I would go with taking a train too for live ones - obviously they won't go through the post :lol2:. Sorry, I thought you were just asking about eggs in your OP. It's worth getting courier quotes if you've got a few friends living close to each other who want them as it might work out cheaper than the train. I probably wouldn't put plants in the bags with the 'lotls, they're likely to just snap at them, just put a coloured carrier bag or something around the fish bag.

If you can wait until they've grown legs to pass them on to your friends, they tend to be a bit more hardy.


----------



## GwenjaminButton (Oct 12, 2012)

Ron Magpie said:


> Chat up your local aquarists shop- their bags are really tough.


Will do! Thanks!  ​


----------



## GwenjaminButton (Oct 12, 2012)

ianxxx said:


> Axolotls are ok to transport in plastic bags with half water half air, double bag for added security, place in a poly box or cool box to help maintain the temperature and pack with bubble wrap for extra insulation and to stop the bags moving about. You can get thick plastic bags from petshops/aquatic shops , just ask if you can buy a few they are very cheap as food bags arnt really up to the job. It is illegal to post vertebrates in the uk (eggs are ok), despite this being offered on this site by a number of people. I have transported axolotls around the uk by this method many times and have suffered no losses. Animal couriers are good to use, I had some A.andersoni transported from switzerland earlier in the year, they were in transit for three days and arrived in good health as they were well packaged and they were kept in a temp controlled environment by the courier. I will pm you the courier if you want, they charge about £50-£60.


I have a large cool box! That will probably be the better option, it's thick plastic so shouldn't get dented or bashed! Oh no lol I wasn't thinking the postman's ruck sack! haha I wondered whether there was someone who would do collect and deliver them with the same level of care that I want, rather than bash um in the post and hope for the best!
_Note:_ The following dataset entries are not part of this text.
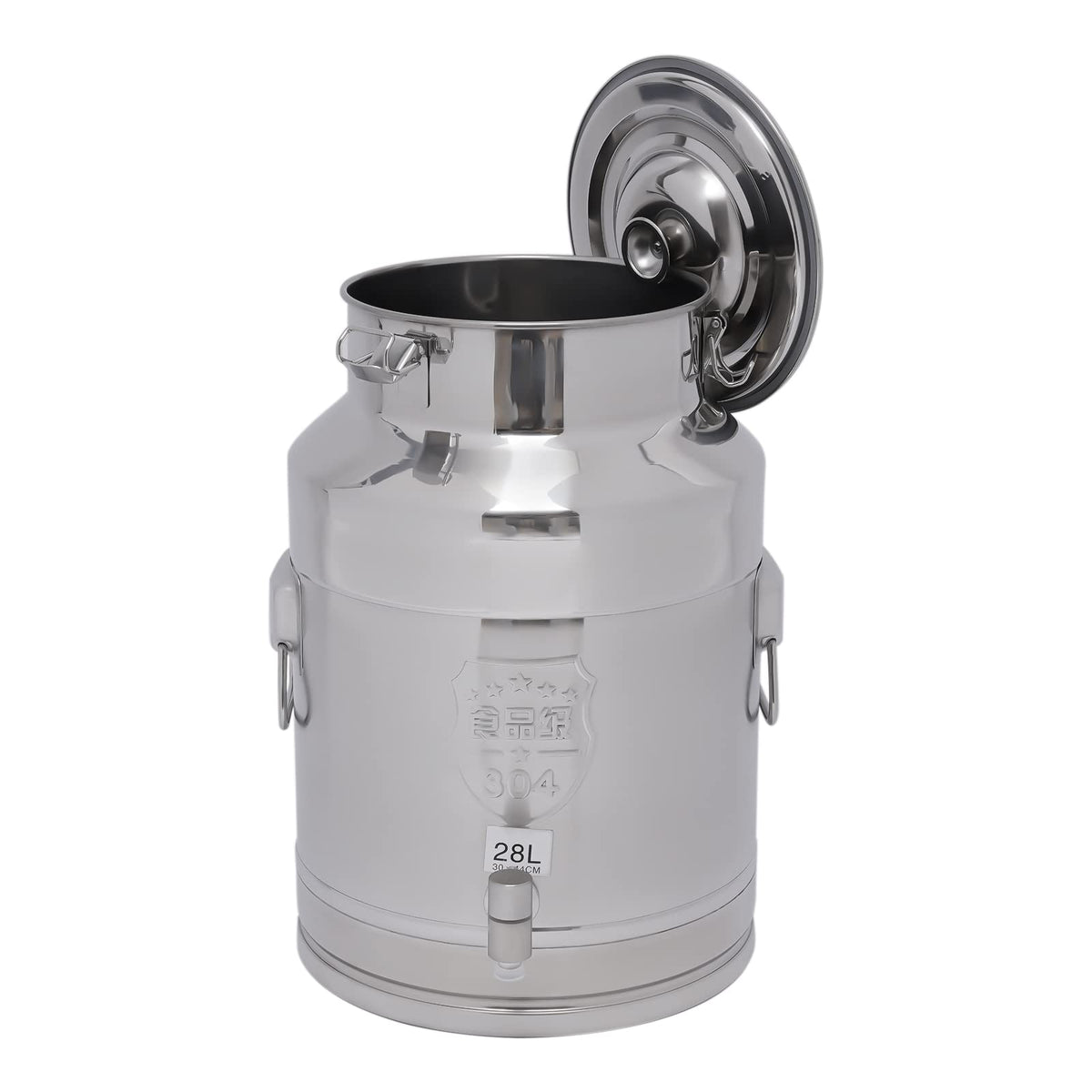 304 Stainless Steel 28L Sealed Lid Faucet Milk Can E15907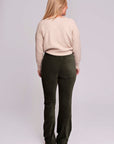 Pants Velvet Flared | Olive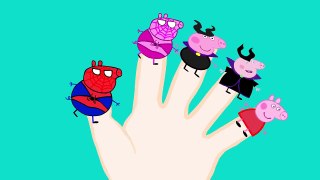 Peppa Pig Crying kidneping SpiderMan vs Maleficent Finger Family Nursery Rhymes new episode Parody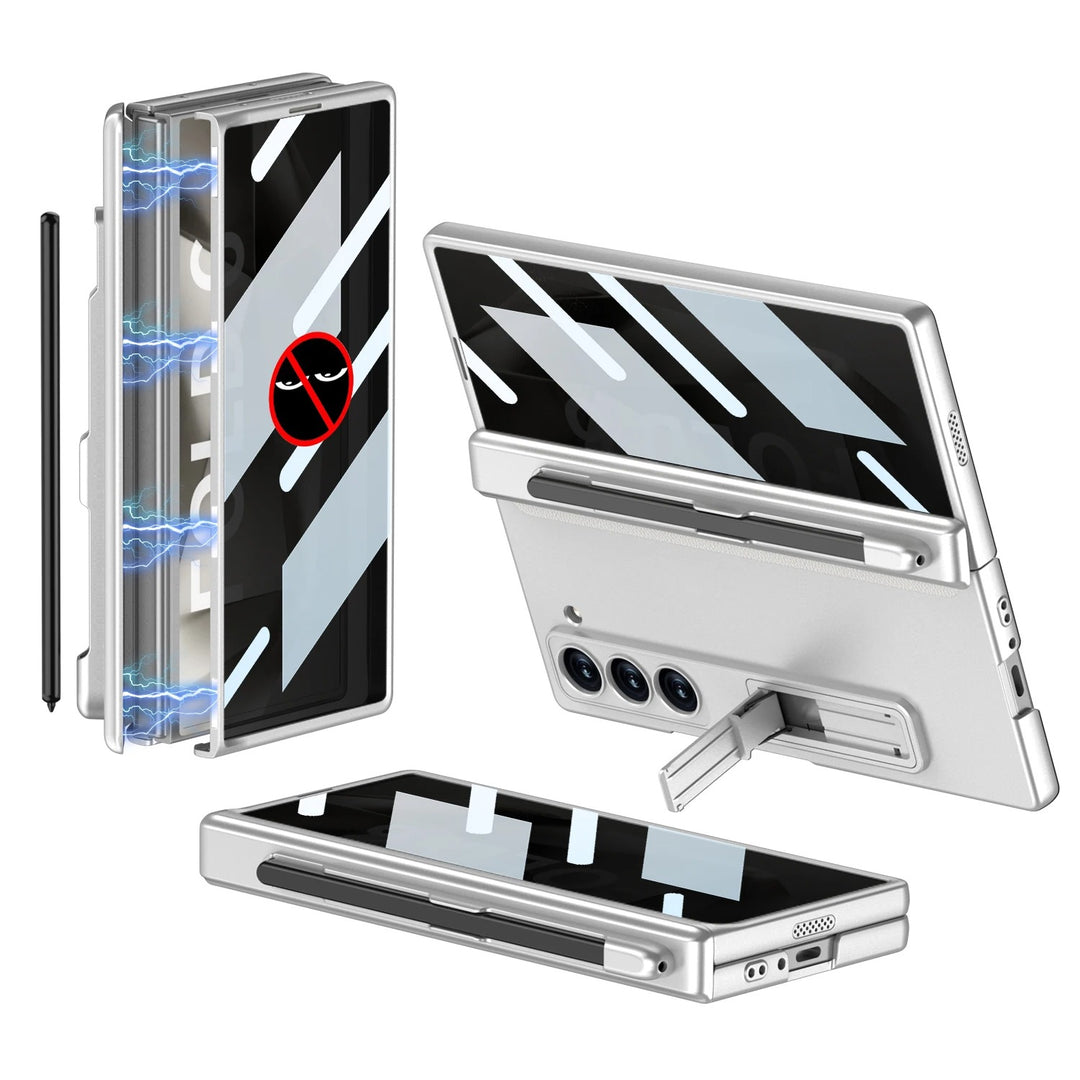HingeShield® - Magnetic Pen Slot Case with Hidden Bracket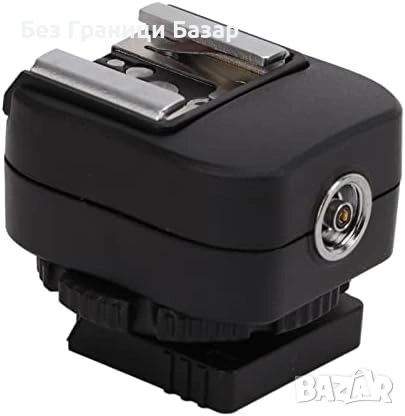 Нов Адаптер за светкавица PC Sync Hot Shoe Sony A6400 A6500 A7 A9 фото част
Please if you could message me the couriers details that would be wicked as it's best to keep options open but I think I might either drive across with them or take them by train!  Thanks for the packing advice!! That's fab!


----------



## GwenjaminButton (Oct 12, 2012)

Ron Magpie said:


> I think the OP has pretty much decided post wasn't an option.



Btw - your sig/tag!! :') So funny! Love it! ​


----------



## GwenjaminButton (Oct 12, 2012)

iggiethegecko said:


> I would go with taking a train too for live ones - obviously they won't go through the post :lol2:. Sorry, I thought you were just asking about eggs in your OP. It's worth getting courier quotes if you've got a few friends living close to each other who want them as it might work out cheaper than the train. I probably wouldn't put plants in the bags with the 'lotls, they're likely to just snap at them, just put a coloured carrier bag or something around the fish bag.
> 
> If you can wait until they've grown legs to pass them on to your friends, they tend to be a bit more hardy.


Haha yes! I think I panicked people when I asked can they be delivered! :lol2:
They do live close together and I have one friend whose willing to have them all delivered to just her house so others can collect from there but I just wondered how good that option actually is. I've never used a courier before for ANYTHING so had no idea if they collect or deliver a few pets or if it's something they only do for large companies like pets at home etc. Also was worried they might not take as good care of them as I would. I get easily attached!! I know if it was me I'd be tempted to stop and open the bags and box halfway to insure they had added air and weren't getting squished or anything! Don't know if couriers would do this or if they'd just be bunged onto a van until they get there. I'd like them to be at least 2 inches before moving them on so I know they won't in counter any health or development issues, do you think that's a good size or perhaps to wait a little longer? Thanks! It's helpful to read guides but it's much more reassuring to get advice from real people! 
eace:
​


----------